Интим под крышей. Евгений Марчелли поставил «Фрёкен Жюли» на камерной сцене Театра им. Моссовета

Пьесу про падение аристократки и взлёт лакея шведский драматург Август Стриндберг написал в 1888 году и примерно в то же время задумался о необходимости натуралистического действия на сцене – о свободном театре, в котором артисты чувствуют себя легко и естественно и потому свободно используют свой талант и не отстраиваются от зрителя. Евгений Марчелли, мастер чувственных трактовок и непошлой сценической физиологии, взял идею Стриндберга и упаковал её в форму, точно подходящую по смыслу и габаритам.

Фото: Елена Лапина

Тут всё по-настоящему – кроме секса, алкоголя и суицида. Сковорода на плите раскаляется, мясо шкварчит, а овощи для салата сначала нужно помыть и только потом порезать. Действие лишено привычных театральных условностей – всё честно и буднично, как в жизни. По-домашнему едят, облизывая пальцы, моют голову под рукомойником с пенящимся мылом, бреются опасной бритвой.

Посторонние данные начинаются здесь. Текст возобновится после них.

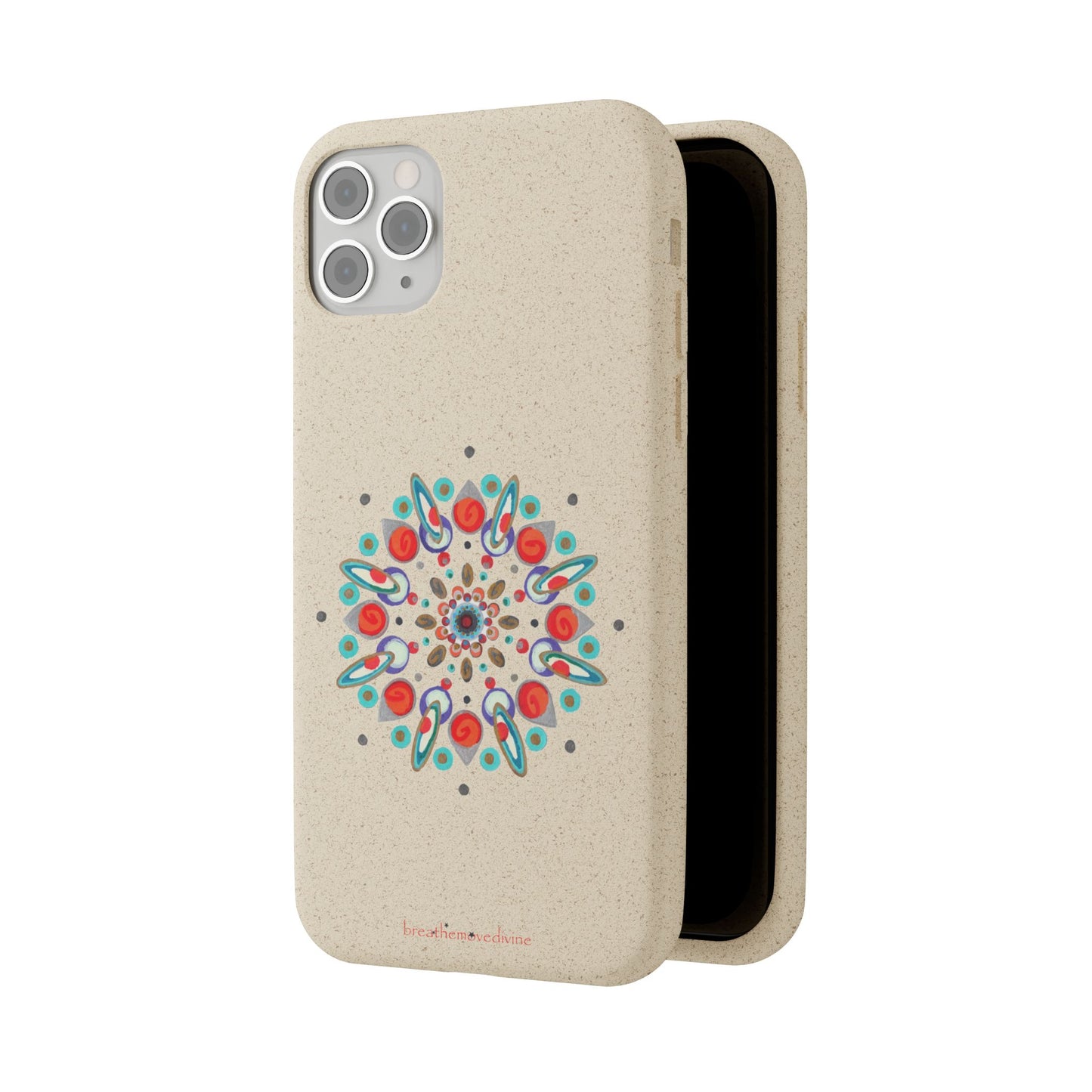 Inner Eye by breathemovedivine Eco-Friendly Case for iPhone with Mandala Design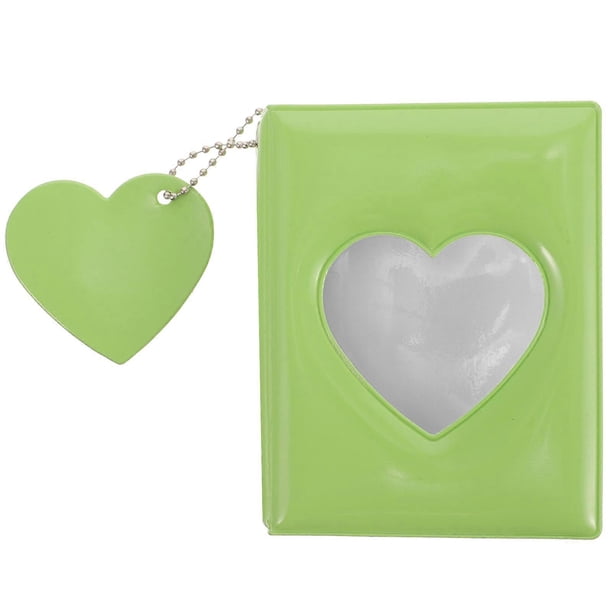 Small Photo Album 3 Inch Photocard Holder Hollow Heart Picture Storage Case Mini Photo Album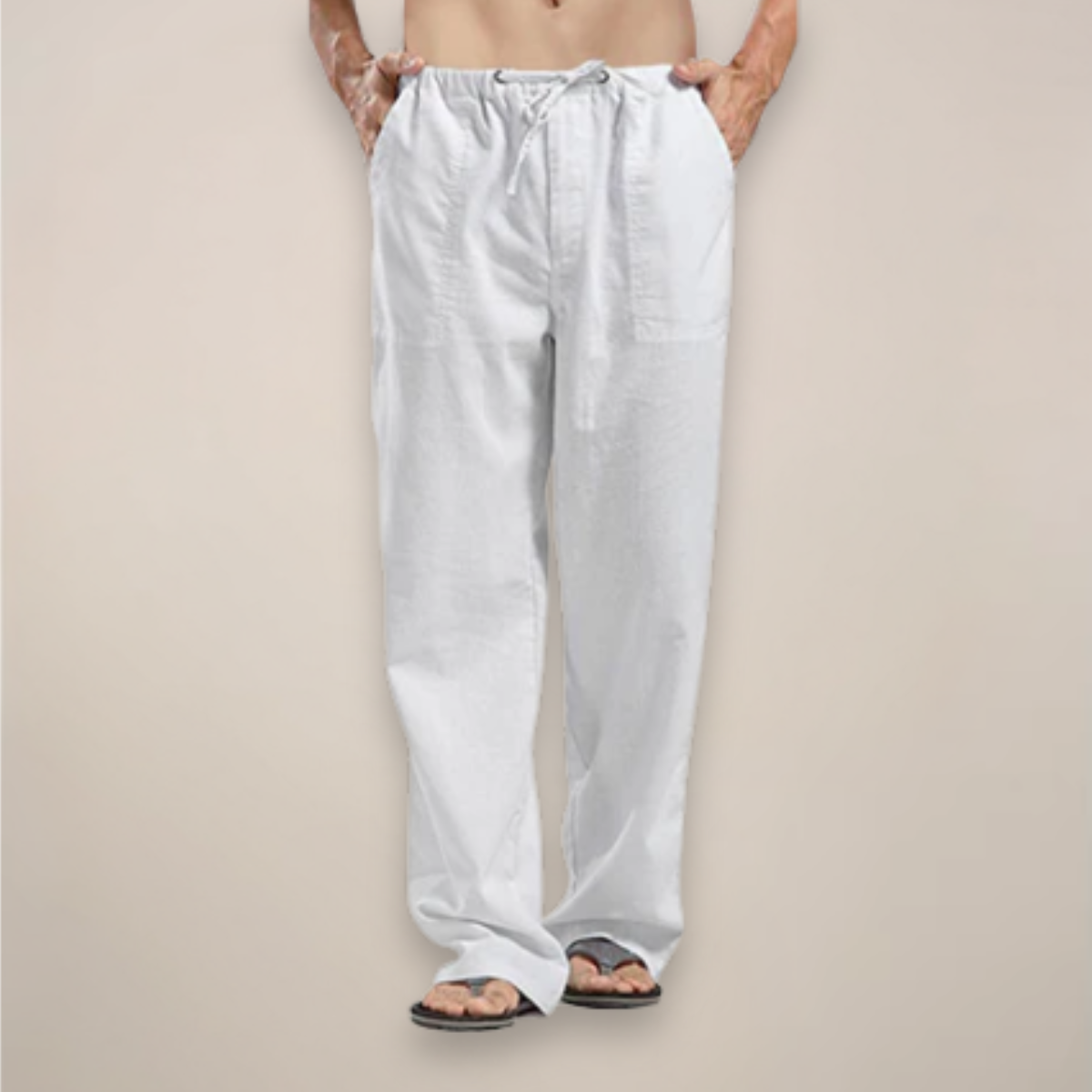 Men's Linen Trousers for Summer Events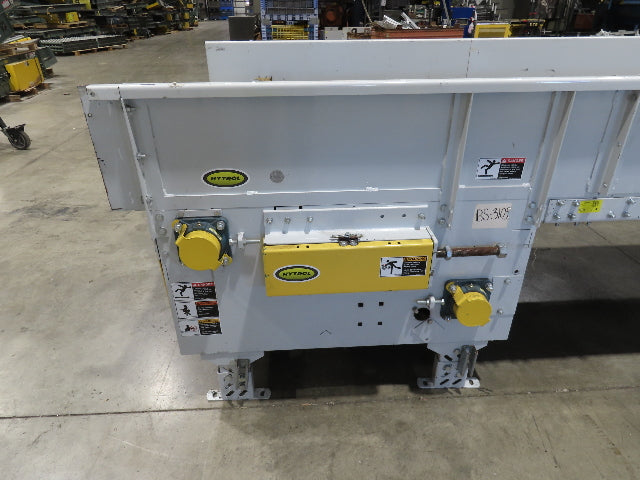 Hytrol BPC 43"x 78' Slider Bed Conveyor Parcel Belt 3Hp 480V Center Drive 110fpm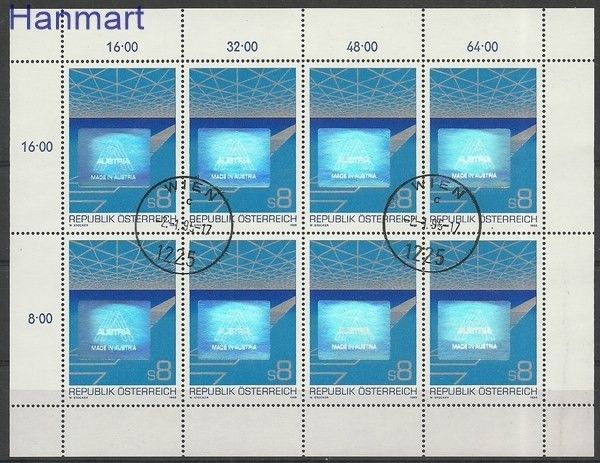 Znaczek Austria 1988 Mi ark 1936 Stemplowane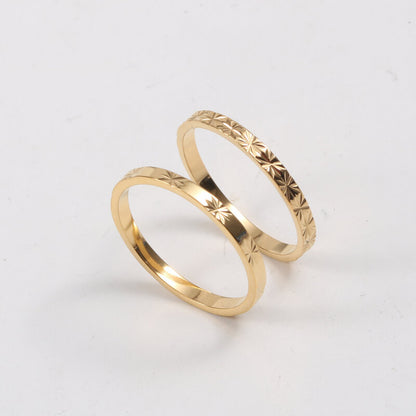 Titanium Shine Ring – 18K Glow Finish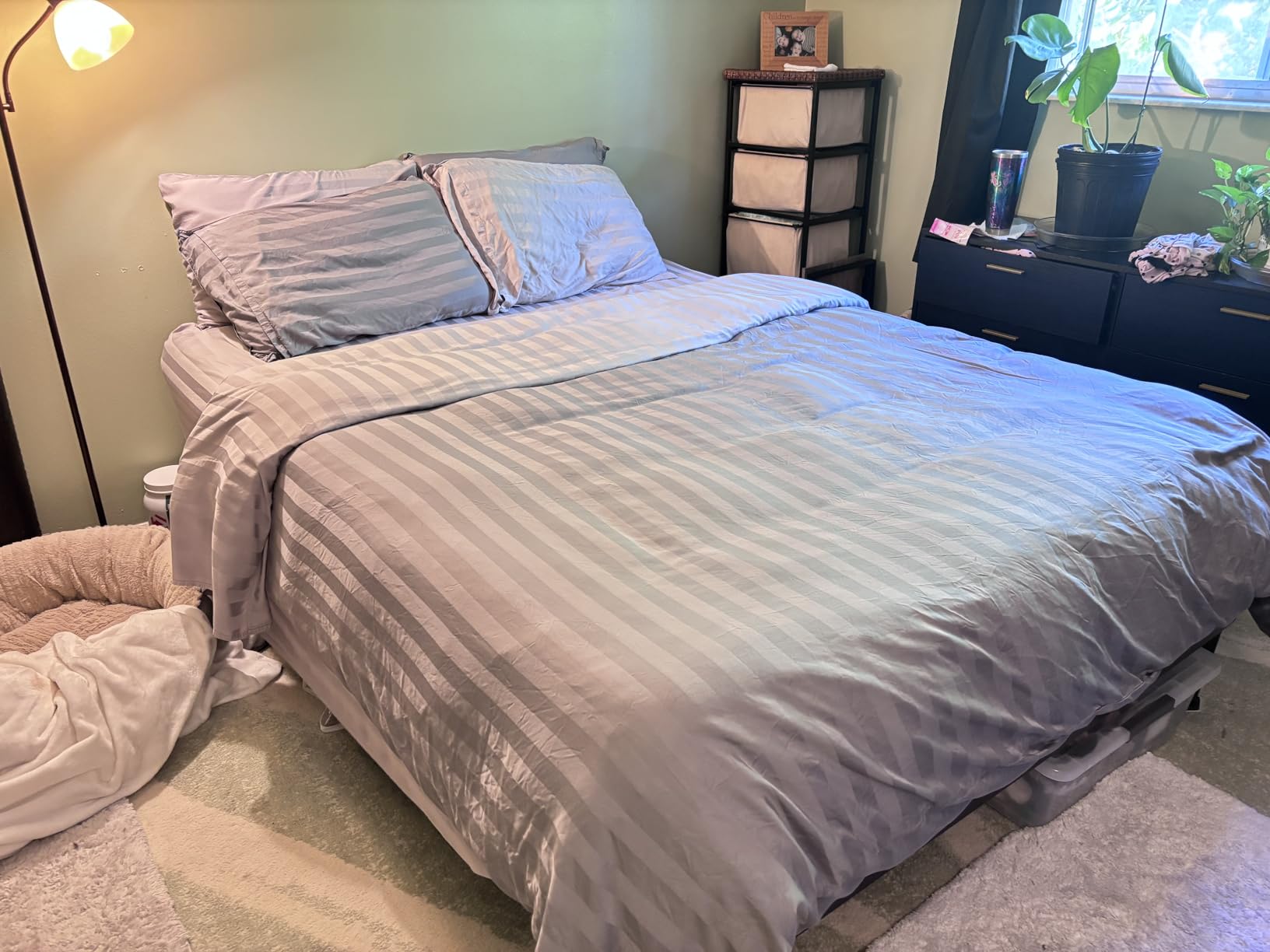 Queen Duvet Cover by Pure Bamboo, 3 Piece Set, Genuine 100% Organic Viscose Derived from Bamboo, Luxuriously Soft and Cooling, 2 Pillowcases (Queen, Ivory) customer photo 2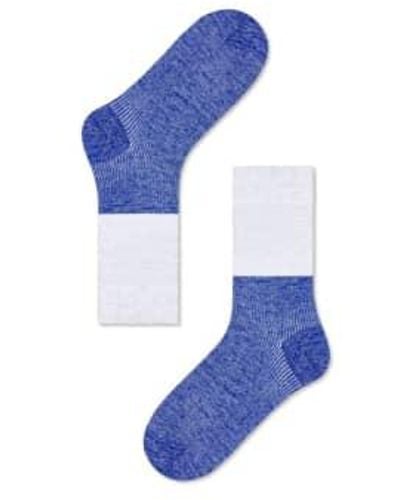 Happy Socks Chaussettes d'équipage reese blanc - Bleu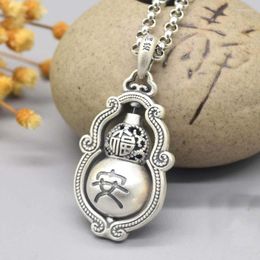 Pendant Necklaces Style Gourd Necklace Men And Women Lucky Can Be Rotated To Pray For Peace Blessings Friends Gif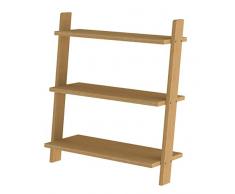 Tenzo, Scaffale in stile scaletta a pioli, finitura laccata opaca, 96 x 85 x 35 cm, Marrone (Natur)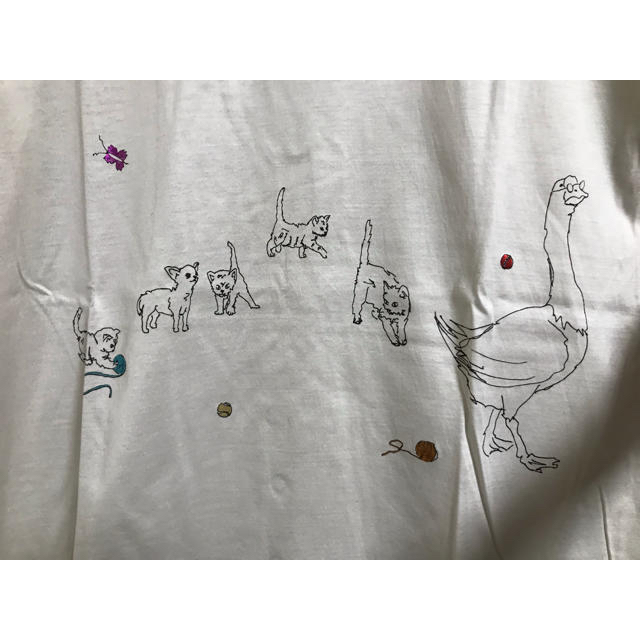 LANVIN(ランバン)の早い者勝ち！！LANVIN 子猫＆ガチョウ オーバーサイズTシャツ メンズのトップス(Tシャツ/カットソー(半袖/袖なし))の商品写真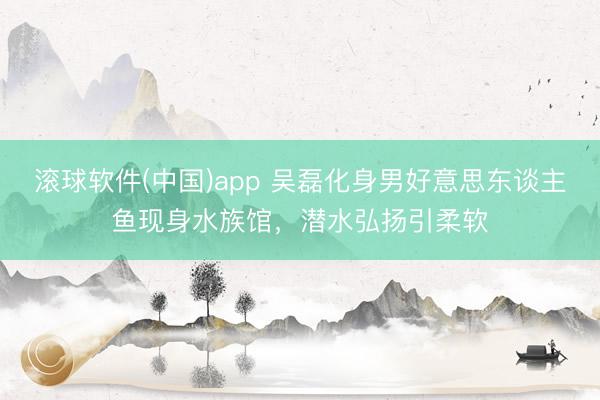 滚球软件(中国)app 吴磊化身男好意思东谈主鱼现身水族馆，潜水弘扬引柔软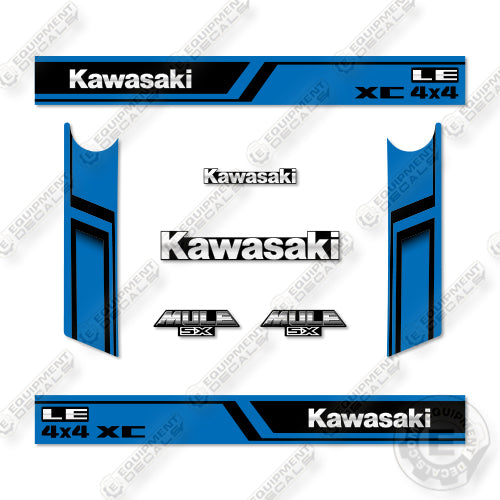 Kawasaki Mule SX 4X4 XC LE Decal Kit UTV - Blue - Aftermarket Kit
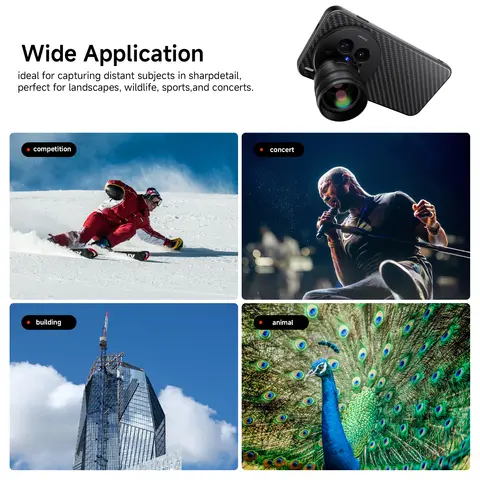 S10109b2ac07b498f9d50d2b680ad0672o_480x480q75 PICKOGEN 2X Converter Mobile Phone Camera Telephoto Lens 240mm Teleconverter With Phone Case Vivo X300 Pro X200 Ultra (New) - Image 1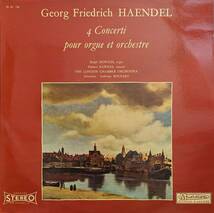 輸入LP盤 ラルフ・ダウンズ/アンソニー・バーナード/London Cham　Handel Organ協奏曲1,2,4&7番 _画像1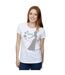 Disney T-shirt en coton Femme/Femme Frozen Elsa Christmas Silhouette (Blanc) - UTBI21902-2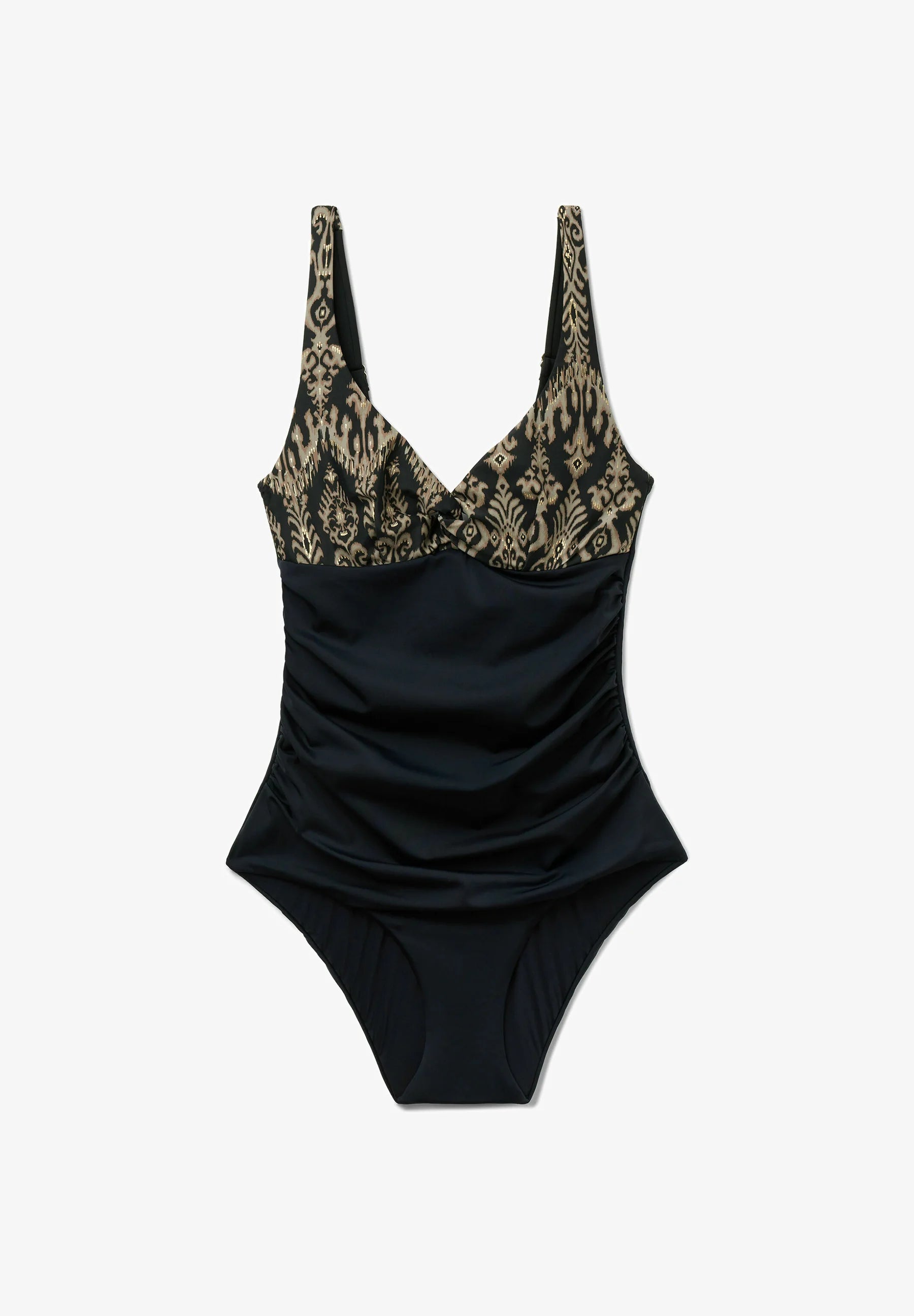 Maillot de Bain Ethnique Doré Calzedonia – Marron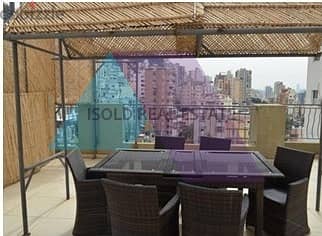 Lux 180m2 Rooftop Duplex apartment+80m2 terrace for rent in Jal El Dib 3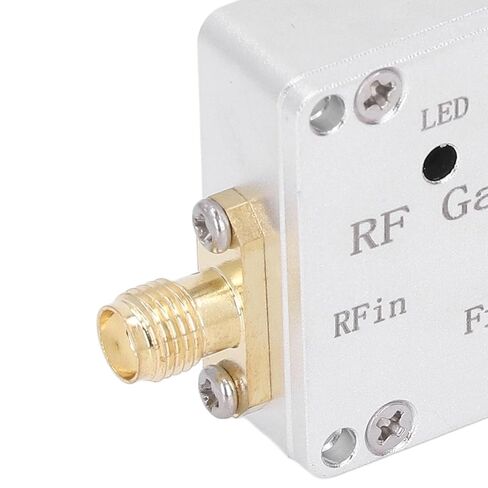 Aramox 10MHz-6GHz RF Gain Amplifier, Low Noise Aluminum Alloy Module, 10dB Output for CNC Communication and RF Signal Applications in Kuwait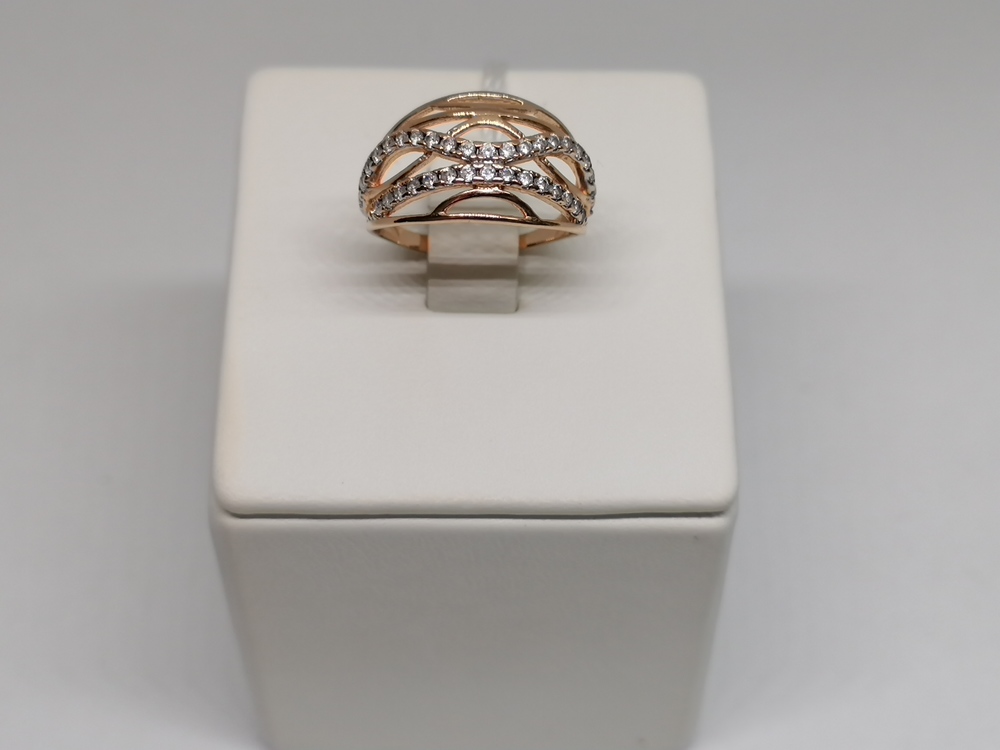 КОЛЬЦО С КАМНЯМИ (Au 585)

Такое сценическое «протоколирование» кажется особенно уместным на маленькой площадке «Под крышей», где от зрителя ничего не спрячешь – ни смены декораций, ни запахов еды, ни фальшивых эмоций.

Фото: Сергей Петров

С эмоциями у артистов всё в порядке: зритель видит не актёрское наигрывание, а натуральные человеческие чувства. Павел Усачёв (Жан) то разрывается, пытаясь угодить всем сразу, то с покорностью плюшевой игрушки застревает в душных объятиях хозяйки. А вот он уже повелитель, добравшийся до гнезда с золотыми яйцами на верхушке дерева из снов. Лилия Волкова (Жюли) мечется так же, как Жан, лишь амплитуда колебаний её душевного маятника намного шире. С тихих слов сквозь зубы она лихо срывается в истерику, а с язвительных выпадов в адрес прислуги легко переключается на нейтральный интерактив с публикой. Взбалмошная фрёкен на грани нервного срыва кидается от правды к правилам, плутает между «ты» и «вы», ищет любви и ненавидит себя за это. 

Фото: Елена Лапина

Кристина Исайкина (Кристина), кажется, не испытывает никаких эмоций и существует как во сне. На автомате готовит ужин, пьёт пиво, одевает жениха. Она почти не покидает сцену и даже в эпизодах, не предполагающих её участия (у Стриндберга всё самое интересное кухарка должна была проспать), наблюдает за происходящим. От неё невозможно спрятаться, потому что тут она кукловод. Кристина давно всё поняла и как гениальный драматург расписала фабулу, завязку и финал. Тихая серая мышь манипулирует людьми и событиями, а громкая яркая фрёкен, наделённая властью по фамильному праву, – всего лишь нарядная кукла, которая непременно остановится и упадёт, когда кончится завод пружины. И дело не в коварстве кухарки, а в её вере в высшую справедливость: Кристина вернее остальных понимает смысл евангельского изречения «Многие же будут первые последними, и последние первыми».

Фото: Елена Лапина

Эффект присутствия усиливается тем, что естественное действие разворачивается в естественной звуковой среде – без фоновой музыки, шумов и спецэффектов. Песню включают лишь в финале, зато сразу Агузарову. Под некогда популярную мелодию Жюли с бритвой в руках отправляется гостить в чудесную страну. Янтарная волна, золотистая пена, облака цвета фламинго – всё такое ненастоящее и, вместе с тем, «лучше страны не найдёшь». Как известно, лучший из миров – театр, но и в нём всё может быть точно как в жизни, если того хочет режиссёр. 

Фото: Елена Лапина

Обращаясь к стриндберговскому «интимному театру», Евгений Марчелли не просто продолжает тренд на натурализм в сценическом искусстве – он рифмует его с современной «новой драмой». Физиология актуального театра стремится вскрыть нарыв и выпустить эмоции. Откровенным доверительным тоном постановка раздражает сразу все зрительские рецепторы и заставляет острее слышать противоречия, делать неудобные выводы, осознавать последствия принятых решений. И видеть воочию: если растоптать птичку, то перья разлетятся во все стороны.